UNITED STATES DISTRICT COURT DISTRICT OF NEVADA
Feb 12, 2014
Case No.: 2:13-cv-00050-GMN-VCF (D. Nev. Feb. 12, 2014)

Opinion

Case No.: 2:13-cv-00050-GMN-VCF

02-12-2014

NATALIE NELSON, individually and as natural mother and legal guardian of minor child ALEXANDER L.; RICHARD E. NELSON, maternal grandfather of ALEXANDER L.; CATHERINE R. NELSON, maternal grandmother of ALEXANDER L., Plaintiff, v. MICHAEL WILLDEN, Director of the Nevada Department of Health and Human Services; AMBER HOWELL, Administrator of the Nevada Division of Child and Family Services; DONALD BURNETTE, Clark County Manager; CLARK COUNTY; LISA RUIZ-LEE, Director of Clark County Department of Family Services; DOES I-X, inclusive; DOES XI-XX, inclusive, Defendants.


ORDER

Pending before the Court is the Motion to Dismiss, or in the Alternative, Motion for More Definite Statement (ECF No. 13) filed by Defendants Michael Willden and Amber Howell ("State Defendants"). Plaintiffs Natalie Nelson, Richard E. Nelson, and Catherine R. Nelson filed a Response (ECF No. 17) and the State Defendants filed a reply (ECF No. 20).

I. BACKGROUND

This case arises from the tragic events that occurred on November 10, 2012 and resulted in the hospitalization of Plaintiff Alexander L. Specifically, Plaintiffs allege that Alexander was placed into foster care by Clark County Department of Family Services ("DFS") after his mother, Plaintiff Natalie Nelson, was taken into custody for an outstanding warrant for an unpaid taxi cab fare. (Compl. ¶ 23, ECF No. 1.) Alexander was ultimately placed in the care of a DFS approved foster mother who, on November 10, 2012, left the child in the care of Osbaldo Sanchez for twelve hours or longer. (Id. ¶ 24.) That same evening, the foster mother "took Alexander to Mountainview Hospital in an unresponsive state." (Id. ¶ 25.) Later that evening, Alexander was transported to Sunrise Children's Hospital where medical staff determined that the child "required emergency surgery to remove a portion of his skull to allow for his brain to expand due to excessive swelling." (Id. ¶¶ 26-27.) Soon thereafter, in the early hours of November 11, 2012, DFS was notified of the incident. (Id. ¶ 29.) On November 12, 2012, medical staff at Sunrise Hospital determined that "Alexander's injuries were consistent with Shaken Baby Syndrome Inflicted Childhood Neurotrauma." (Id. ¶ 33.) Several weeks later, Alexander was transferred to a permanent care facility and "[h]is long term prognosis is uncertain." (Id. ¶¶ 36-37.)

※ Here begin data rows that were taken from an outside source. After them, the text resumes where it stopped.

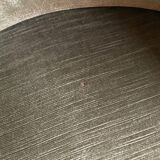 Pair of toad armchairs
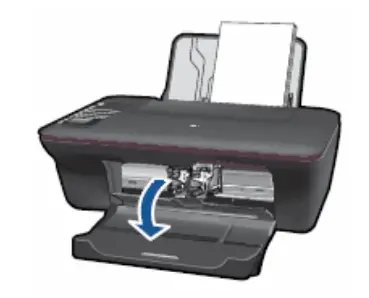 HP-‎CR259FN-Original-HP-61-Black-Tri-color-Ink-Fig-11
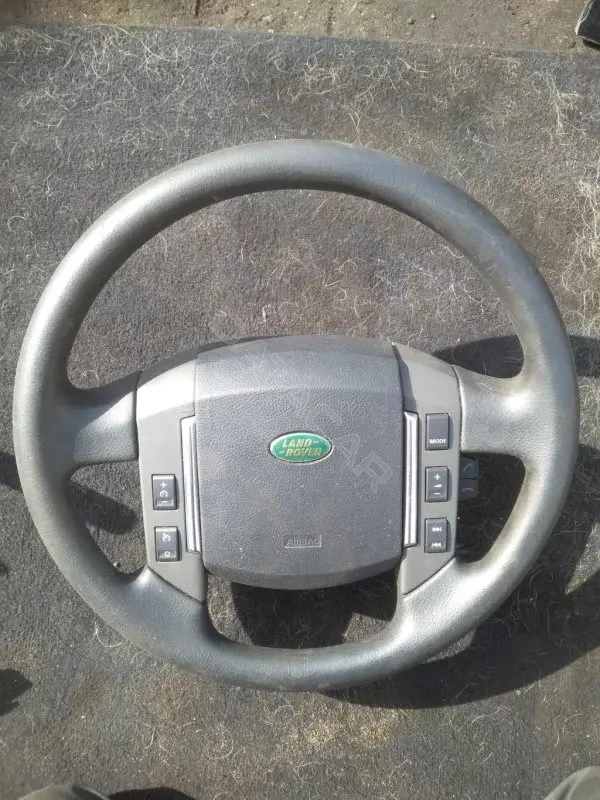 Руль 65129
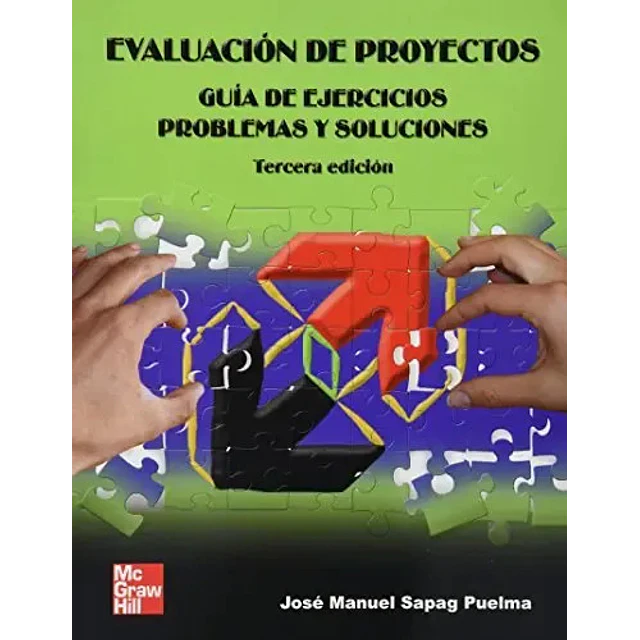Evaluación de Proyectos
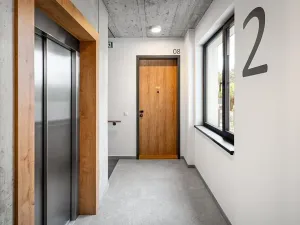 Pronájem bytu 3+kk, Praha - Chodov, Dunovského, 75 m2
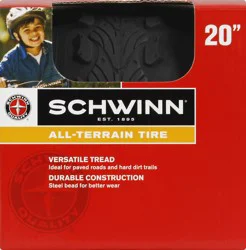 Schwinn Tire 1 ea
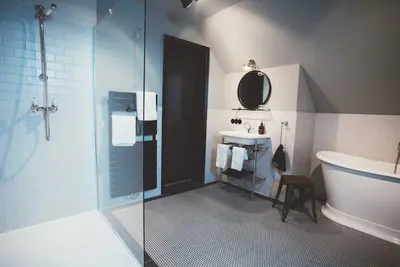 Image de Chambre Double Classe Affaires Plus - Fliegerdeich Hotel & Restaurant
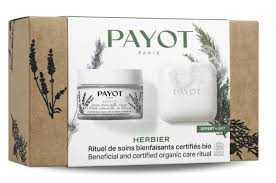 Payot Organic Care Ritual Set Geschenkset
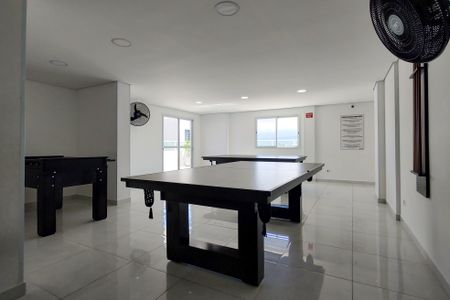 Apartamento para alugar com 124m², 2 quartos e 2 vagasSala de Jogos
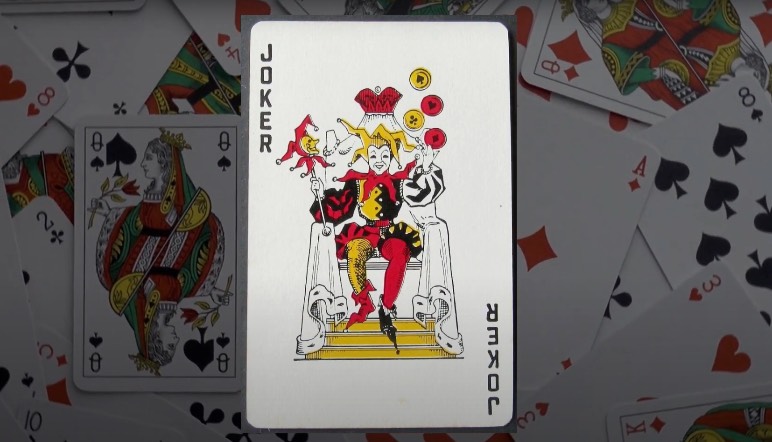 Juego de cartas baraja inglesa discount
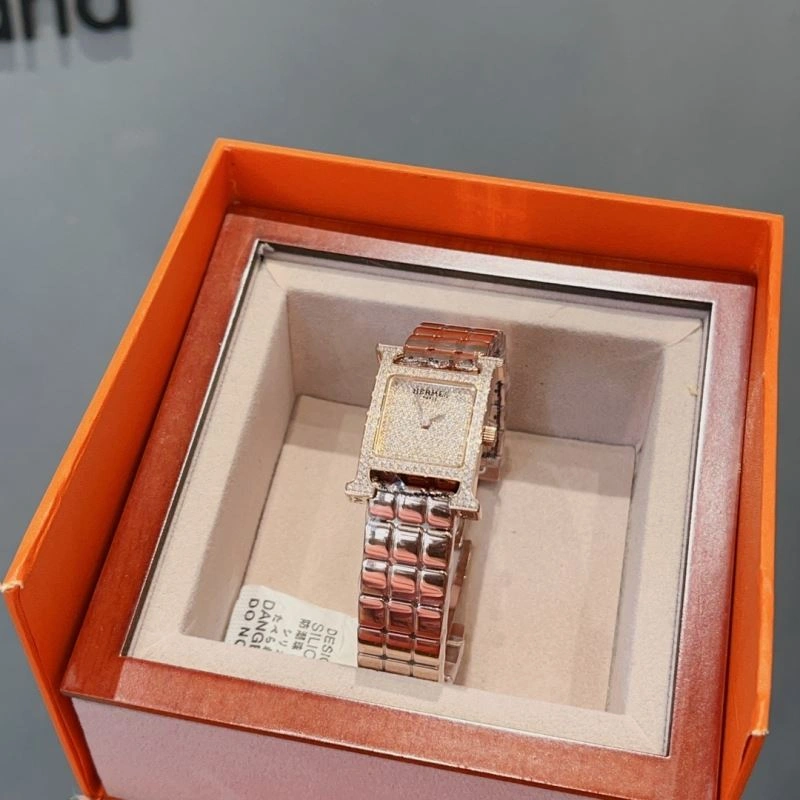 Upgraded HERMES Watches 183567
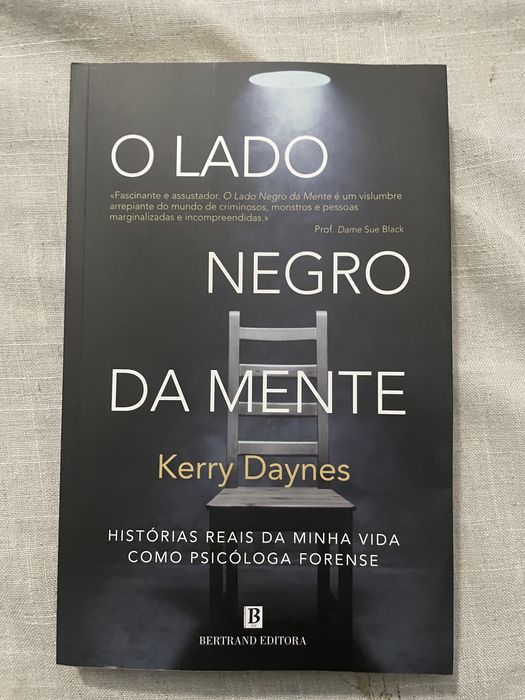 O lado negro da mente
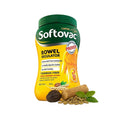 Softovac Bowel Regulator Herbal Laxative Powder - 250g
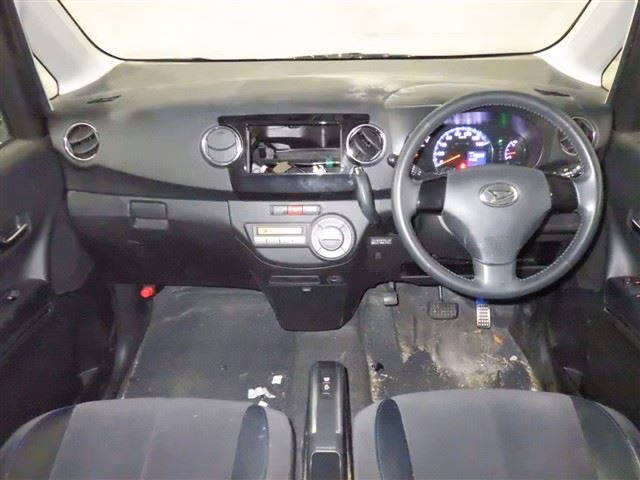 DAIHATSU TANTO EXE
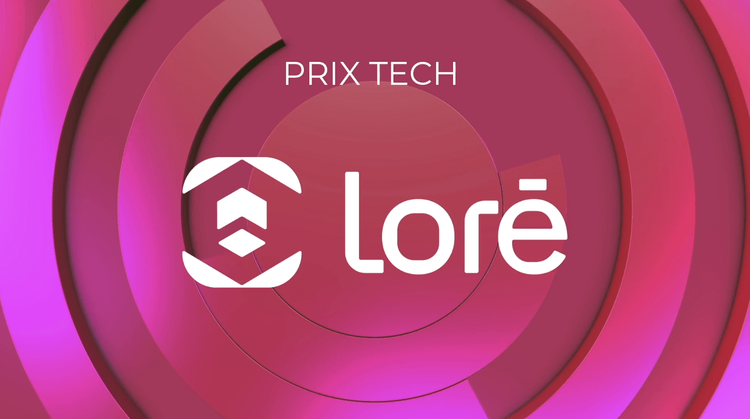 GP CFNEWS Sud-Ouest 2026 : Prix Tech | Loré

After this incident, Plaintiffs filed the instant action alleging twelve causes of action: (1) Violation of Substantive Due Process: Duty to Protect; (2) Violation of Substantive Due Process: State Created Danger; (3) Violation of Plaintiffs Civil Rights - Familial Relationships; (4) Violation of Plaintiff's Civil Rights - Municipal Liability; (5) Violation of Adoption and Safe Families Act; (6) Violation of State Civil Rights; (7) Negligence; (8) Negligent Supervision and Training; (9) Negligent Infliction of Emotional Distress; (10) Vicarious Liability; (11) Civil Conspiracy; and (12) Intentional Infliction of Emotional Distress. (Id. ¶¶ 38-120.) In response, Defendant Amber Howell, Administrator of the Nevada Division of Child and Family Services, and Defendant Michael Willden, Director of the Nevada Department of Health and Human Services, (the "State Defendants") filed the instant Motion to Dismiss. (Mot. to Dismiss 4:20-22, ECF No. 13.) In their Motion, the State Defendants first assert that all Plaintiffs causes of action seeking money damages against the State Defendants in their official capacities must fail because they are entitled to sovereign immunity. (Id. 3:21-4:19.) In addition, the State Defendants' seek dismissal of Plaintiffs' first through fifth causes of action because Plaintiffs have failed to properly allege individual capacity claims.

Plaintiffs consist of Natalie Nelson, in her individual capacity and as representative for the minor child; Richard E. Nelson, the maternal grandfather of the minor child; and Catherine R. Nelson, the maternal grandmother of the minor child. Defendant Clark County further identifies Jonathan Laws, the minor's father, as a party who may have an interest but has not been named as a participant. (ECF No. 25).

II. LEGAL STANDARD

When considering a motion to dismiss under Rule 12(b)(6) for failure to state a claim, dismissal is appropriate when the complaint does not give the defendant fair notice of a legally cognizable claim and the grounds on which it rests. See Bell Atl. Corp. v. Twombly, 550 U.S. 544, 555 (2007). In considering whether the complaint is sufficient to state a claim, the Court will take all material allegations as true and construe them in the light most favorable to the plaintiff. See NL Indus., Inc. v. Kaplan, 792 F.2d 896, 898 (9th Cir. 1986).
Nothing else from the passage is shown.